OPERATIONS

Lambert Deep shelved as production dips

PRODUCTION, sales and revenue were all down for Woodside Petroleum in the second quarter and, wit...

Woodside says that following the completion of front-end engineering and design, the North West Shelf project participants have decided to defer the development of the proposed Lambert Deep gas project, widely expected to be its next Australian growth project.

Lambert Deep, which would have developed the Lambert North gas discovery, would have taken gas-condensate to Karratha via the Angel platform from 2019.

The NWSV partners will instead focus on exploration on the North West Shelf, with the aim of developing a larger, more robust project in the early 2020s.

Looking at actual production, Woodside said it produced 6.3% less, 22.2 million barrels of oil equivalent, primarily due to reduced NWS LNG production resulting from the planned major turnaround campaign across the NWS facilities.
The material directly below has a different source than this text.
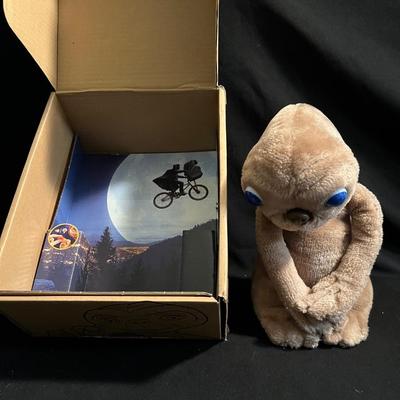E.T. The Extra-Terrestrial Collectibles (LR-RG)
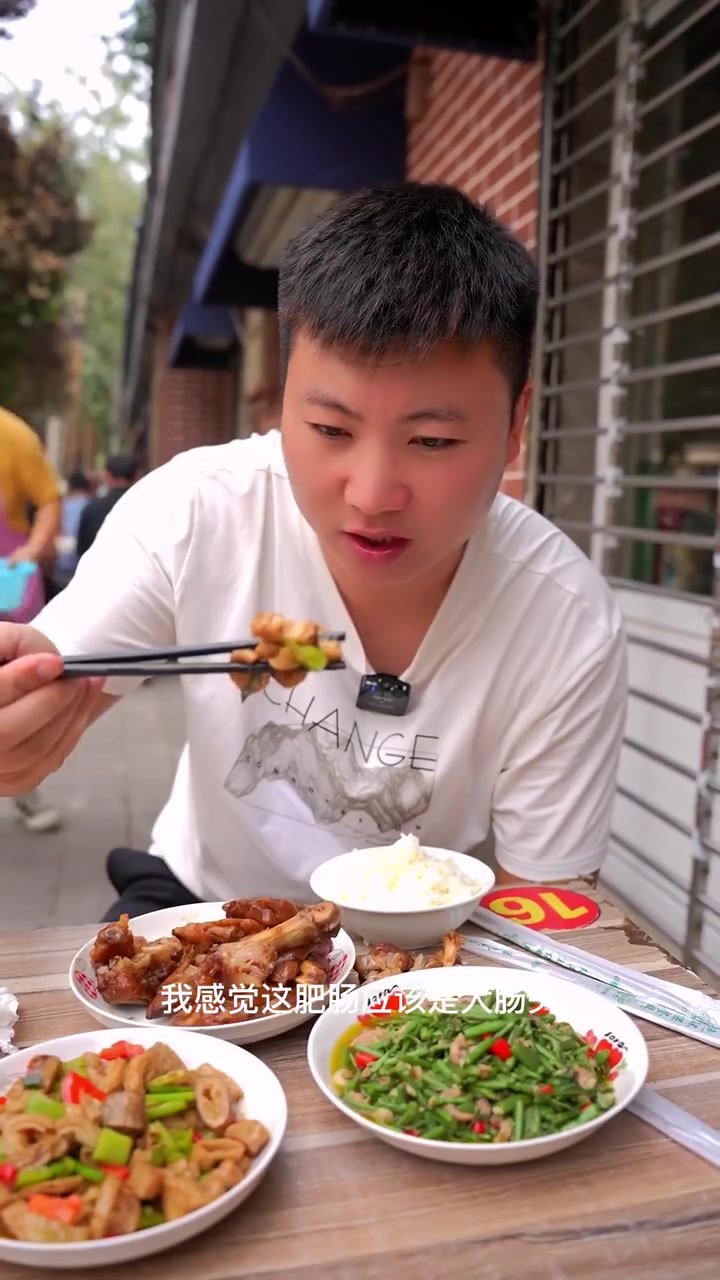 河北家常菜馆老板是东北人，菜品混搭特色足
However, revenue was down 16% to $US825 million ($A1.1 billion) due to the three month lag in oil-linked LNG contract pricing structures, reflecting the abysmal oil price at the start of the year.

Despite the result, which came in below expectations, with RBC Capital Markets predicting sales production of 22.8MMboe and income of $987 million, the numbers are better than the same time in 2015 with production up 10.4% to 20.1MMboe, although revenue was 8% lower from $898 million.

Coleman praised his team's work on the NWS turnaround, which was delivered ahead of schedule, and for Pluto, which annualised loaded LNG production rate equivalent of 5MMtpa, partially offsetting the production drop.

The NWS turnaround affected the North Rankin Complex, Goodwyn-A platform and Karratha Gas Plant.

Building on recent learnings, the NWS Train 4 turnaround was delivered in 23 days, eight days ahead of plan.

Coleman said that the business was performing well in a challenging external environment, and should see recent price rises flowing through to improved LNG revenue for the current quarter.

"We continue to deliver world-class operational excellence across our assets. This includes completing the North West Shelf Train 4 turnaround eight days ahead of schedule and making further improvements to annualised loaded LNG production at Pluto," he said.

"On Greater Enfield we revamped the development concept and took advantage of market conditions to take an FID and estimate incremental cash costs of less than US$6 per barrel on average for the first five years of production.

Greater Enfield was approved for development at a cost of $1.9 billion, and will develop 69MMbbl as a tie-back to the Ngujima-Yin FPSO, giving Woodside some much needed organic growth.

Also during the quarter the company signed a heads of agreement for long term supply of up to 1MMtpa LNG to Pertamina, expanded its exploration footprint into Gabon with a 40% interest in the Luna Muetse Block, and it increased its 2C contingent resource by 83MMboe through two gas discoveries offshore Myanmar.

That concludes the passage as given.